▸ Brief descriptive captions
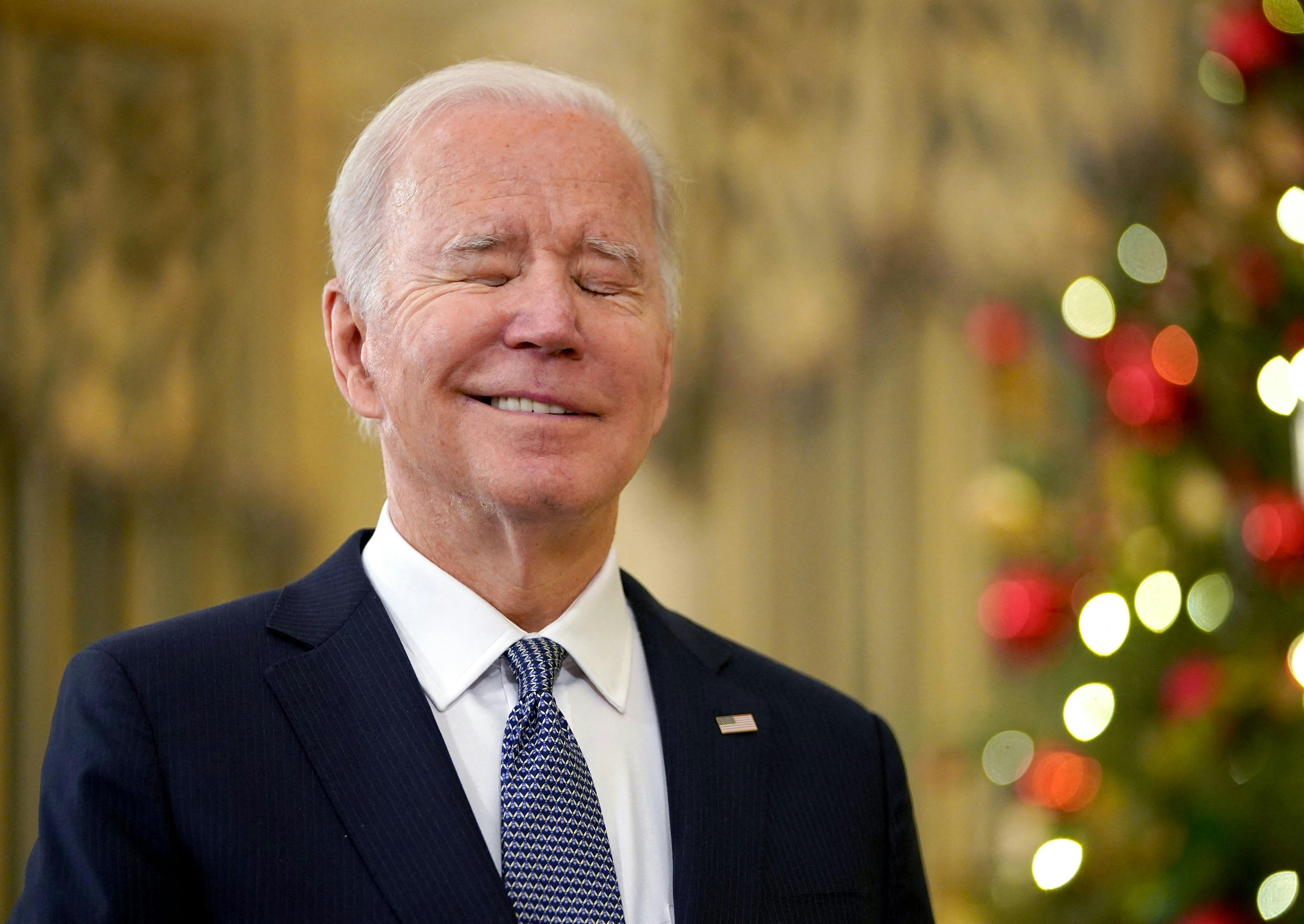 Joe Biden closes his eyes and does a wry little smile as he stands in front of a Christmas tree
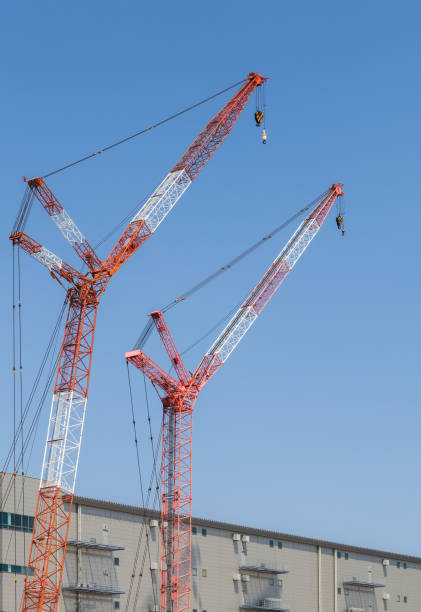istock Close - up big red crane at construction site 688095522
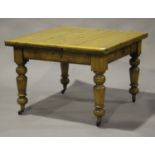 An Edwardian pine draw-leaf kitchen table, raised on ring turned legs and china castors, height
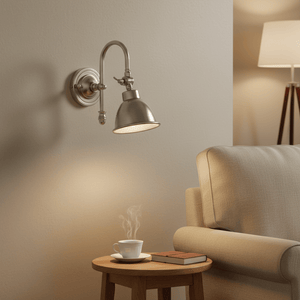 Stylish indoor wall lamp with a metal cone shade, illuminating a cozy seating area with a steaming cup.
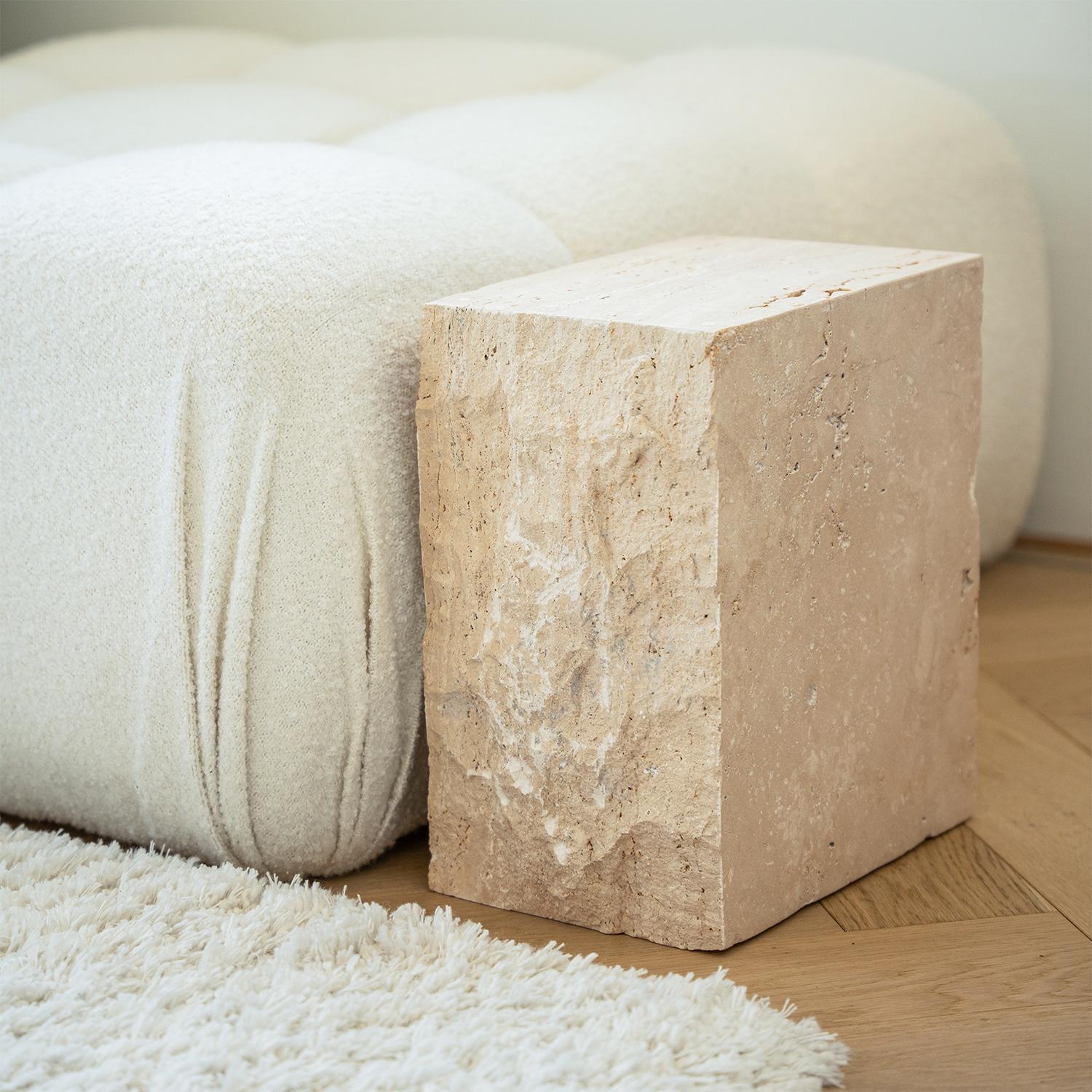 This travertine block side table brings the beauty of natural stone into your space. Made from solid travertine, its organic texture and neutral tones complement a variety of interiors.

▸ What to work on
Set down all the entries above verbatim, and include none of the pictures.

▸ Exercise response
 Joe Biden closes his eyes and does a wry little smile as he stands in front of a Christmas tree
istock Close - up big red crane at construction site 688095522
 An Edwardian pine draw-leaf kitchen table, raised on ring turned legs and china castors, height
 Stylish indoor wall lamp with a metal cone shade, illuminating a cozy seating area with a steaming cup.
 This travertine block side table brings the beauty of natural stone into your space. Made from solid travertine, its organic texture and neutral tones complement a variety of interiors.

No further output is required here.